Williams was a decade or so ahead of the Black Panthers and other blacks who rejected the NAACP's doctrine of nonviolence. In 1959, Williams called publicly for meeting "violence with violence" in the civil rights struggle. For that, he was ejected from the presidency of the Union County, N.C., chapter of the National Association for the Advancement of Colored People -- the very chapter he had founded in his hometown of Monroe.
Two years later, he was accused of kidnapping a white couple and holding them in his Monroe home for two hours during an outbreak of racial violence. The circumstances were murky -- Williams said he was protecting the man and woman -- but the case prompted Williams to flee to Cuba.
From there, he broadcast appeals on "Radio Free Dixie," a half-hour program, for black Americans to sound a battlecry of "Freedom or Death." Williams was occasionally seen with Fidel Castro.
"Our people must stop allowing themselves to be beaten like common dogs in the streets," he said on one broadcast. "We will never receive protection until we return violence for violence."
Eventually, Williams and Castro had a falling out, in part over his unsuccessful efforts to open an information office in Havana, where he was living with his wife and sons.
Williams journeyed to communist China, where he was courted by Mao Tse-tung. Williams was provided with a chauffeured car, two cooks and two maids. "I had justice in China," he said years later, "but it made me feel guilty about my own people."
That guilt and what he called his duty to black Americans made him decide to return to the United States, which he did in 1969. He settled in Michigan to wait out a legal battle over whether he should be extradited to North Carolina to stand trial for the old kidnapping charges.
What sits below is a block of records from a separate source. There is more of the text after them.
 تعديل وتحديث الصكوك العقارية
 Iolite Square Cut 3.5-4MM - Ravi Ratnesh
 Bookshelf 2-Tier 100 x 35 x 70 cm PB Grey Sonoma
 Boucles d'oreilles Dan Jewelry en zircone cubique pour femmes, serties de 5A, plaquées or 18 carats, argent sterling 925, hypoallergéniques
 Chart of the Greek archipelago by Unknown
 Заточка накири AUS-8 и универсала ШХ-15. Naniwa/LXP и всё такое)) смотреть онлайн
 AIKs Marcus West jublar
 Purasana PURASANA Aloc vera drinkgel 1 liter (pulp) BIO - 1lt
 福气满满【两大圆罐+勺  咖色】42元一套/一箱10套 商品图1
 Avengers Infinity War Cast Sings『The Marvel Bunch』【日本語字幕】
To earn money, he became a lecturer on civil rights issues at schools and churches.
By the time he was ordered extradited to North Carolina, North Carolina prosecutors said the principal witness was too ill to testify, and charges against Williams were dropped in January 1976.
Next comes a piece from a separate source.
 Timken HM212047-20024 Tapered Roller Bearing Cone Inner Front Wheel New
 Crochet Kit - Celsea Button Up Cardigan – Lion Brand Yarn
Toward the end of his life, Williams was active in the Peoples' Association for Human Rights, in Baldwin. He lectured, visited schools, and worked on his autobiography, according to his son John, who said his father was pessimistic about American society to the end and thought that the gains of the civil rights movement were being eroded.
John Williams said his father was a "revolutionary black nationalist" but was never a Communist, even though he sympathized with some of communism's goals.
His survivors include his wife, Mabel; another son, Franklin, also of Detroit; two brothers, Edward and John, both of Detroit; and two grandsons. Another son, Robert Jr., died of leukemia in 1991.